Prepare plates and photographs
The analysis done by
diskImageR will only be as good as the photographs taken of the disk assay plates. We use the Bencher Copymate II camera mounting system. In this setup there are two fluorescent lights on either side of the disk, oriented to minimize shadows on the plate in an otherwise dark room. We use the Canon Rebel T3i camera with an ISO 800, white balance "white fluorescent light", time 1/100s, picture stype "neutral", centre focused. Any camera of reasonably high quality should suffice, though the camera should always be set in manual rather than automatic mode, as the goal is to take photographs as consistently as possible. We also use the 2s timer to avoid potentially jostling the camera while taking images and/or having a hand/arm shadow in the picture. Plates should be photographed on a dark surface (we use black velvet) and plate labels are written on the side rather than the bottom of the plate.
Prior to analysis, images should be cropped close to the plate (as above). Because the analysis program automatically detects the disk based on size, it is important that no other similar-sized circles be present in the image (e.g., from letters in labels).
Once you have the set of photographs that you want to be analyzed together they should be placed in the same directory, with nothing else inside that directory. Important! If there are any other files within the directory the script will not run properly.
The photograph file naming scheme will be be carried throughout, thus care should be taken with naming photographs in a logical manner. The general format that we use is "strain_factor1_factor2_rep.jpg". This format will allow you to use a built-in function to average across replicate pictures from the same strain. Conversely, if you intend to do this separately (or not at all) the photographs can be named anything.
###Run the ImageJ macro on the set of photographs
The first function of the package is
IJMacro(). From each photograph, an ImageJ macro that is included in
diskImageR will automatically open each photograph from the specified directory, determine where the disk is located on the plate, find the center of the disk, and draw 40mm radial lines out from the center of the disk every 5 degrees. For each line, the pixel intensity will be determined at many points along the line using the built-in
plot profile macro from ImageJ. This data will be stored in the folder ImageJ_out on your computer, with one file for each photograph.
IJMacro() can be run in two different ways, either through a user-interface with pop-up boxes, or directly through the R console. At this point you will specify a project name, the main project directory, and the photograph directory.
The project name should ideally be fairly short (easy to type without typos!) and specific to the project. It must start with a letter, not a number or special character, but can otherwise be anything. The project name must always be specified with quotation marks around it (a surprisingly common error). Otherwise there will be a red error message (like Error in IJMacro(newProject) : object 'newProject' not found).
The main project directory is the place where all files generated by the package will be saved within three directories: ImageJ_out, parameter_files and figures. A sub-directory will be created within each of these directories with the project name for organizational purposes, so that multiple different experiments/sets of analyses can be easily conducted from the same main project directory.
The photograph directory is the one used to store photographs from above (which has nothing except the photographs to be analyzed in it).
Important! There can not be any spaces or special characters in any of the folder names that are in the path that lead to either the main project directory or the photograph directory. If there are an error box titled "Macro Error" will pop up and the script will not run (the red error message Error in tList[[i]]: subscript out of bounds will also show up in the R console).

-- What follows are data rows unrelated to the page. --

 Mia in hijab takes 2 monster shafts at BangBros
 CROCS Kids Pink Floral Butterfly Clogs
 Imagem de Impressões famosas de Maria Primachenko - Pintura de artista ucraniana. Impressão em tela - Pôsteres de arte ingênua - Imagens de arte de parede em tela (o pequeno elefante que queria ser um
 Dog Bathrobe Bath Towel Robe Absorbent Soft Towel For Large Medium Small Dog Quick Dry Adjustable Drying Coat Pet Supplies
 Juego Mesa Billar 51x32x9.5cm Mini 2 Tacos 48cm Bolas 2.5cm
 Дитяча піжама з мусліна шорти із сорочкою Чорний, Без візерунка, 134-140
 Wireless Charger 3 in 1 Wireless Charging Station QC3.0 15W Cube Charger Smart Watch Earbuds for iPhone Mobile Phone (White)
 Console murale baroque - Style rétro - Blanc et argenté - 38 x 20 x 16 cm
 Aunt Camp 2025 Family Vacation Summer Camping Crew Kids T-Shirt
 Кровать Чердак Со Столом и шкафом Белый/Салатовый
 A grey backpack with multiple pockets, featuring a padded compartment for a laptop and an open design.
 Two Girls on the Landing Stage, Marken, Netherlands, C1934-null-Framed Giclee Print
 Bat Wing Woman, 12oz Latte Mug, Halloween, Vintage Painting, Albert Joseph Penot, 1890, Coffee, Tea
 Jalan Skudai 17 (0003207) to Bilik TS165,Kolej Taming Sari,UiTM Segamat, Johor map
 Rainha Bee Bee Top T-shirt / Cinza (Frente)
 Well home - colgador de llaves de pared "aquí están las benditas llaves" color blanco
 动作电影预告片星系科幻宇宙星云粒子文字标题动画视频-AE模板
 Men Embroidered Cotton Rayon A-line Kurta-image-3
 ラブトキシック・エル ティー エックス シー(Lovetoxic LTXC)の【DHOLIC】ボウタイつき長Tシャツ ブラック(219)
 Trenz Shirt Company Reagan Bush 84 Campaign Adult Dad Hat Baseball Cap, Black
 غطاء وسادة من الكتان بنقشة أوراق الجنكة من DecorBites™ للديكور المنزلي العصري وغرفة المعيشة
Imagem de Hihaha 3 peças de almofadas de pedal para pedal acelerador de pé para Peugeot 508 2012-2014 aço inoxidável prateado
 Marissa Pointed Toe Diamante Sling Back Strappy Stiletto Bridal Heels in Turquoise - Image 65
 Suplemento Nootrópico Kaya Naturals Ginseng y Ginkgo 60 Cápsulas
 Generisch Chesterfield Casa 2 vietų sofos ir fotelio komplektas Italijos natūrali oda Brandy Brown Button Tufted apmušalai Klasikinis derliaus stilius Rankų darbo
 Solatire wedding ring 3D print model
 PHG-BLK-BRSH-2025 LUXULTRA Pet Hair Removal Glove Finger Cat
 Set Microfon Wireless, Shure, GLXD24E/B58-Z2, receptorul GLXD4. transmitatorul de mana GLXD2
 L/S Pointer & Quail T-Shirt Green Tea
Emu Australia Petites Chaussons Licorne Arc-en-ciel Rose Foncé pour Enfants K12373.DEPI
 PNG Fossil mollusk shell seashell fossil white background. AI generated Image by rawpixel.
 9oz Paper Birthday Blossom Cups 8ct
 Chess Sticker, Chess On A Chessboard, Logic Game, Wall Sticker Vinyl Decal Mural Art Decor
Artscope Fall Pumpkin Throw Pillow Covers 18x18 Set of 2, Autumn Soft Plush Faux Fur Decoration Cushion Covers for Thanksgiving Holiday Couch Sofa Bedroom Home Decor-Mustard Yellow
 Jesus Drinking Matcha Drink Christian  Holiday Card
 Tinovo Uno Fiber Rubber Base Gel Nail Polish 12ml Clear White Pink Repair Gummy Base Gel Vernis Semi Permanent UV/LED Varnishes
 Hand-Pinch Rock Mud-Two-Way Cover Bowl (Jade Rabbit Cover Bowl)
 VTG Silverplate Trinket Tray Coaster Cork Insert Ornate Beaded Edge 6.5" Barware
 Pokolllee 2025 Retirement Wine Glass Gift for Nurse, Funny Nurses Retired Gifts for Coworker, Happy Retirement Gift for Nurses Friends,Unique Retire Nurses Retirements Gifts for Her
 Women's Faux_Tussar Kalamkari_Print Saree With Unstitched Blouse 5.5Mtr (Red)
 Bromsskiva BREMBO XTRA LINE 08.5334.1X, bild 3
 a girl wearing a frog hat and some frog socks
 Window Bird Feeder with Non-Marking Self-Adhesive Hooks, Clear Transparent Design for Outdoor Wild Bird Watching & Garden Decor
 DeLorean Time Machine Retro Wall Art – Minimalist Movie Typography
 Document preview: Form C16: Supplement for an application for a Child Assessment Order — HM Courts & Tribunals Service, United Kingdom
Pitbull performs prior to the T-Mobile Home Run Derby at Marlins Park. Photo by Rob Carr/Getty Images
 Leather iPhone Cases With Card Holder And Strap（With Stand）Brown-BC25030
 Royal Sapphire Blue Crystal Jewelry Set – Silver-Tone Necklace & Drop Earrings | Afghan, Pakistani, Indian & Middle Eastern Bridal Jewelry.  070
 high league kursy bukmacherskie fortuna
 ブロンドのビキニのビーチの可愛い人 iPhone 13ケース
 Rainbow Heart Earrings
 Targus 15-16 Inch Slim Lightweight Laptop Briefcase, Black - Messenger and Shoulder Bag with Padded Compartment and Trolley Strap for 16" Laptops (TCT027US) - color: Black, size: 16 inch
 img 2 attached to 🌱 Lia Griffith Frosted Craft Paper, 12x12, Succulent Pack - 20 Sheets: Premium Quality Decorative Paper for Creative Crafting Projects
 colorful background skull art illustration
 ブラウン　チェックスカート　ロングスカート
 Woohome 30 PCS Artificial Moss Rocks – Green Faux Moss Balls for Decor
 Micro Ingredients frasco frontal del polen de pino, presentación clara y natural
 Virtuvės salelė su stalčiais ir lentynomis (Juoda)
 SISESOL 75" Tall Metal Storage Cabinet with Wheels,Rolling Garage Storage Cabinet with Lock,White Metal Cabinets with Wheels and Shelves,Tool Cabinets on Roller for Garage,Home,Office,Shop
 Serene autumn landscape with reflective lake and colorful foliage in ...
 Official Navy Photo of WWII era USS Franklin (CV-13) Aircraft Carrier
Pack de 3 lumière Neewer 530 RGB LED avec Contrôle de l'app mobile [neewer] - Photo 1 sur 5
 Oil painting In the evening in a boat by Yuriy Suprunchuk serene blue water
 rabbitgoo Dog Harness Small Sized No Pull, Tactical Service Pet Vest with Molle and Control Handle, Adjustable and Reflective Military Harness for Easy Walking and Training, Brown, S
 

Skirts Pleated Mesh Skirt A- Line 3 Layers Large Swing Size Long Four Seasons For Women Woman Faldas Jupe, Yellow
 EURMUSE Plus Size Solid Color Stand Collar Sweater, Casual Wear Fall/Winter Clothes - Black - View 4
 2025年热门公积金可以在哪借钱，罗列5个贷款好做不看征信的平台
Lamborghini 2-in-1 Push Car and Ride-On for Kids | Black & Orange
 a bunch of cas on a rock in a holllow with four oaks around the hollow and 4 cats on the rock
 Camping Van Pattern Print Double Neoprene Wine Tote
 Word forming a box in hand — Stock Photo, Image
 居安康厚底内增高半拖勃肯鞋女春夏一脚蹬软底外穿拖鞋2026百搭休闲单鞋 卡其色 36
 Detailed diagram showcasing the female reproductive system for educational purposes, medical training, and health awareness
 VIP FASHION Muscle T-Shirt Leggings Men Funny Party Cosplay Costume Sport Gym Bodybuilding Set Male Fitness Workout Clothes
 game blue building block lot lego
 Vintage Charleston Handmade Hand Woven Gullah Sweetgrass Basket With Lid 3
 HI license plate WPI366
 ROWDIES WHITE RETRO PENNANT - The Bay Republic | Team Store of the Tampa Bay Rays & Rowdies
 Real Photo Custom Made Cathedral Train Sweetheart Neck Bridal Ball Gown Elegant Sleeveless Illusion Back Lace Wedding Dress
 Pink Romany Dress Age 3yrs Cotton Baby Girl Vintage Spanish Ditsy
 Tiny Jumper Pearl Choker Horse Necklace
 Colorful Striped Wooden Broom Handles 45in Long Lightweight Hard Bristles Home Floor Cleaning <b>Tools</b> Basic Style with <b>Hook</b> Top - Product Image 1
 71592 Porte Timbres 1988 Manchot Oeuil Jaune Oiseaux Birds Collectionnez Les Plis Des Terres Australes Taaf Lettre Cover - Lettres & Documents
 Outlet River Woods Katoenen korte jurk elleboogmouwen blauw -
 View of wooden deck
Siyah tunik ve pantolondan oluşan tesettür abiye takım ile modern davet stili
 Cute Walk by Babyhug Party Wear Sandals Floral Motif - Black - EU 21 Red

The default assumption here and in all funtions is that the disk size is the standard 6mm. If you are using custom-sized disks you will need to specify that with the argument
diskDiam = X, where X is the size of your disk in mm. This should also be specified in the functions
createDataframe(), discussed below. You will also need to change the argument
createDataframe(). standardLoc is a numberic value that indicates the location (on the disk) to use to standardize intensity across photographs. The position of standardLoc is a position that should theoretically have the same intensity in all photographs, i.e., the white of the disk. The defaul value (2.5mm) was chosen after testing of 6mm disks that contain some writing. If smaller disks are used standardLoc should be scaled appropriately. You can see where standardLoc falls in each photograph in
plotRaw() (the red dashed line when
plotStandardLoc = TRUE). To suppress this standardization use
standardLoc = FALSE.
To run the ImageJ macro through a user-interface with pop-up boxes:
If you would prefer to avoid pop-up boxes you can directly specify the main project and photograph directory locations:
IJMacro("newProject", projectDir= "/path/to/projectDir", photoDir = "/path/to/projectDir/photographs/")
IJMacro() is unable to locate ImageJ a red error will pop-up with a message like /bin/sh: /Applications/ImageJ/ImageJ.app/Contents/MacOS/JavaApplicationStub: No such file or directory. The easiest solution is to move ImageJ to the default location or to specify the path to ImageJ with argument
ImageJLoc = "/path/to/ImageJ".
IJMacro() must run completely, without error, for everything downstream. In our experience this is the most likely step for errors to occur. Errors will be indicated in the R console should they arise, and will hopefully give you clues as to what the problem is if they are different than those described above.
IJMacro() has run successfully the output of the ImageJ analysis can be found in the ImageJ_out directory, though this is probably not particularly helpful unless you want to see the intensity calculations from each line. The information about the average line from each photograph can be found in the "averageLines.csv" file located in the parameter_out folder. This is the information that is used for all further analysis within
diskImageR and may be useful for other purposes.
To access the output of the ImageJ analysis in a later R session use the function
readInExistingIJ() (e.g., if you ran
IJMacro() on a separate day then you want to conduct the downstream analyses). At this step you can also change the project name, you do not have to specify the same name that was used originally. If the name is changed new subdirectory folders will be created within the main project directory. This function will bring up a pop-up box to select the main project folder and select the directory that contains the existing ImageJ output files.
###Plot the output of ImageJ analysis
The optional function
plotRaw() will create a PDF file of plots saved to the figures directory that show the average pixel intensity across all 72 lines from each photograph (i.e., the data that can be found in the "averageLines.csv" file). This function is a good check to see whether the analysis proceeded properly and in and of itself may be useful to visualize differences between different strains or experimental factors.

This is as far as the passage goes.